Really Integrating Direct Mail with Major Donors and Bequests

Really Integrating Direct Mail with Major Donors and Bequests

I believe the new big thing for charities (and something Roger Craver from picked up in his latest blog) is something really old fashioned: talking to your donors face to face. Especially mid value donors and bequests.

The charities that grow and raise more money for their beneficiaries are those with a long term view. They have a cohesive, coordinated and focused strategy.

With only 301 charities (1%) accounting for half of total revenue in Australia it is relatively easy to get hold of some really fascinating data. Especially when many of the larger charities collaborate in Pareto’s annual benchmarking exercise.

Pareto Benchmarking screenshot

Let’s take direct mail.  If you haven’t already got a large database of donors through direct mail, the costs of donor acquisition, setting up a team and database, bringing in the right skills and more can mean it will take years to break even from fundraising in this way.

Even though direct mail is still the largest source of donors in Australia (and many other countries, including USA) it could be a marginal activity to start with. And there could be better options for many.

But if you look at the data and can work ‘without silos’, direct mail integrated with legacies and major donors – using mail, phone and shanks’ pony (visit donors) – you can make this combined approach the best long term bet for your cause.

Take this example, based on real data and modelled for a new entrant to direct mail in Australia.

The charity invests $1m per annum, for five years, on direct mail acquisition.  Other costs such as ongoing house mailings, calling donors for regular (monthly) gifts, thanking, processing and developing packs are additional to that million but included in the model.

After ten years the charity would have raised over $7m net.  A lot of effort and risk for what is an OK return.

However, what if the charity ‘lifted’ the values of some of these donors through major donor activities? Applying the growth that we have seen the best charities get through their major donor programs, and including some costs for staff and materials, we end up with $13.6m.  Now we are talking growth!

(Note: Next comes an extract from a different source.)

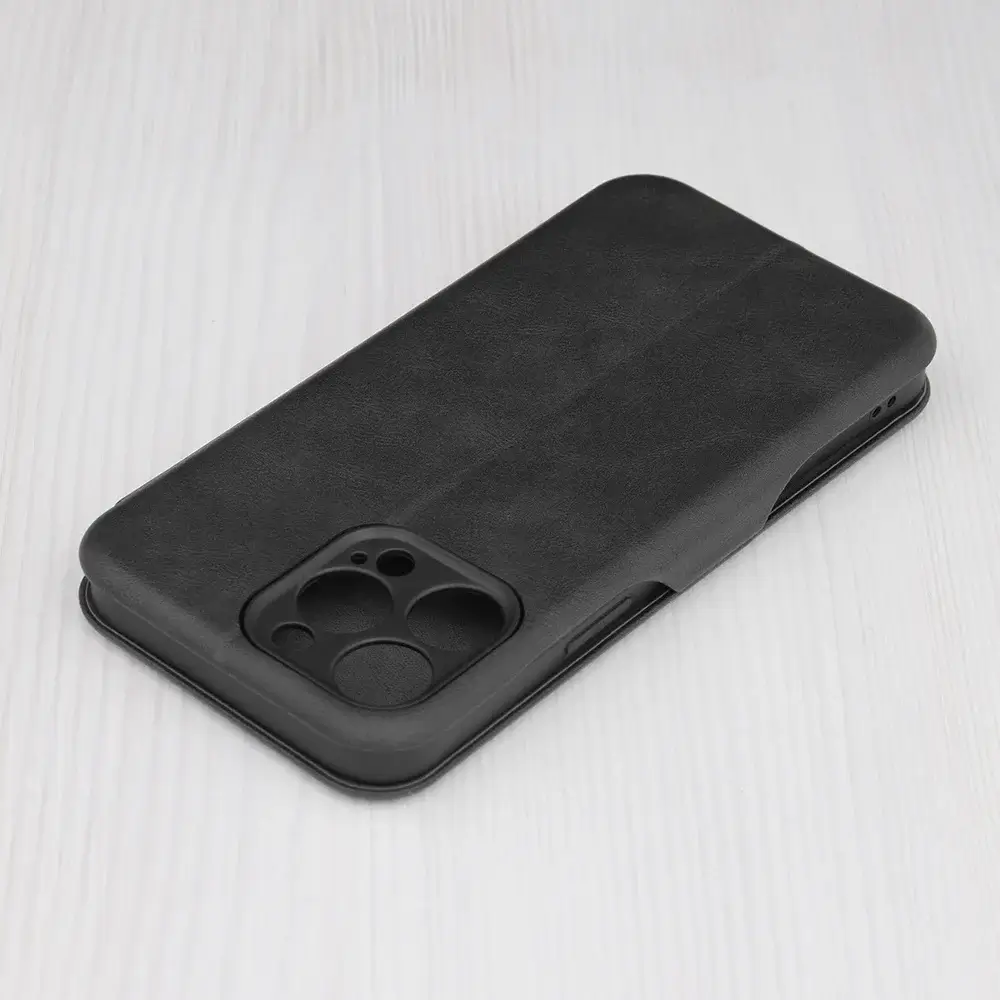 Husa Tip Carte iPhone 14 Pro Max cu Flip Magnetic Negru TSWP [2]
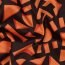 Baumwollsatin GEOMETRIC - DARK BROWN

And what if they were great at legacy fundraising too? Well, they’d be up at $21.3m net, with an annual net income looking forward in excess of $3m which is pretty much in the bag.  A superb, reliable and expandable revenue.

Here it is illustrated:

LTV_Acq_Model_10years_2016_showing importance of beq and md fixed costs set
A great chart for your board when you are after investment, and a great approach for breaking down those internal silos.